I sat back, chewing on all this.

I wasn’t liking what I was feeling.

“What does this have to do with me?”

He took Meredith’s picture away and put Harper, Sr.’s picture back on top. “This guy didn’t like being arrested. This guy decided that he had information on the Red Demons, and he wanted to use it to get immunity for this shit.” He pulled away the top picture and used it to wave at the others. “Harper, Sr. was stupid because what we found out today is that all the evidence we thought we had on the Red Demons was bogus. All of it. Not the information itself. That was real, but Harper, Sr. can’t be used as a witness anymore because what we weren’t told is that Harper, Sr. is also in bed with the cartel.”

A phone started ringing in the room, and it wasn’t mine.

Detective Brennan stared at me, his eyes hard, and he clenched his jaw. “If I look at my ringer, am I going to find out that it’s coming from your brother?”

I swallowed. This guy was the most cop-like cop I’d ever met or seen on television. He was emanating frustration, exhaustion, but a ring of danger. And right now, the frustration was only slightly edging out the air of danger, and so I swallowed. Again.

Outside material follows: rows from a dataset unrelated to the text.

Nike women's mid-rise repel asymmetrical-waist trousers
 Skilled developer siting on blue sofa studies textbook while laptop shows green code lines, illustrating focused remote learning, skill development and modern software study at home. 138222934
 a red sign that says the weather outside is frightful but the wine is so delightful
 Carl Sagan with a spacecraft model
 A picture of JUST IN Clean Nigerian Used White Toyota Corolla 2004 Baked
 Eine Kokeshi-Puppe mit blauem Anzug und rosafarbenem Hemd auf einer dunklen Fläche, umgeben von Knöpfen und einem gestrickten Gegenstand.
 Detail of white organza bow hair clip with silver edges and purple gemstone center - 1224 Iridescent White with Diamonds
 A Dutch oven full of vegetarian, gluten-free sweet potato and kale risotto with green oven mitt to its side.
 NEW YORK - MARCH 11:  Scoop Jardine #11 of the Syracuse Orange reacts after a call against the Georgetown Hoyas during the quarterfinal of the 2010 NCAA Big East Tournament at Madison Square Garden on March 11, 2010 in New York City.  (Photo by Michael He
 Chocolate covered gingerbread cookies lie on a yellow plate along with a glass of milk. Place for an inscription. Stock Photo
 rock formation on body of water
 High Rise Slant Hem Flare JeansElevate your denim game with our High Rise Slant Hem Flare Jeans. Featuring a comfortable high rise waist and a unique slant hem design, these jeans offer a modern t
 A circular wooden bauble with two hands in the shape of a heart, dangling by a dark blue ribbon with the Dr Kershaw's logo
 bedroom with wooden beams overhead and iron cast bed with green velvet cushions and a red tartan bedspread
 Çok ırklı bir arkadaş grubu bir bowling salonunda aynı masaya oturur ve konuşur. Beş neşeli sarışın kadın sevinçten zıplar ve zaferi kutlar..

And I didn’t answer that question.

He grunted before leaning back and pulling out his phone. He turned it off, then indicated my own. “Pull it out. Call your brother back—”

I reached for the phone, but it was still in use.

Channing’s voice sounded from it, “I’m here. I’m listening.”

Brennan gestured to the table. “Put it there.” He raised his voice. “But you listen, Monroe. Not a word.”

My brother, for once, was quiet.

I was also now impressed by this cop. As cops went, he might do.

“So, we have an issue. One, the case fell apart. We can’t bring forward a witness who will never testify, and we’ll know he’ll never testify because what cartel would ever let one of theirs enter the court of law. A dead witness. That’s who they’d let in. In a body bag, but cartel aside, last night Harper, Sr. and Harper, Jr. were both taken. And your sister here was a witness to Harper, Jr.’s kidnapping. Witnesses said that two of the men stopped and stared at you. Witnesses also said that you seemed like you recognized one—”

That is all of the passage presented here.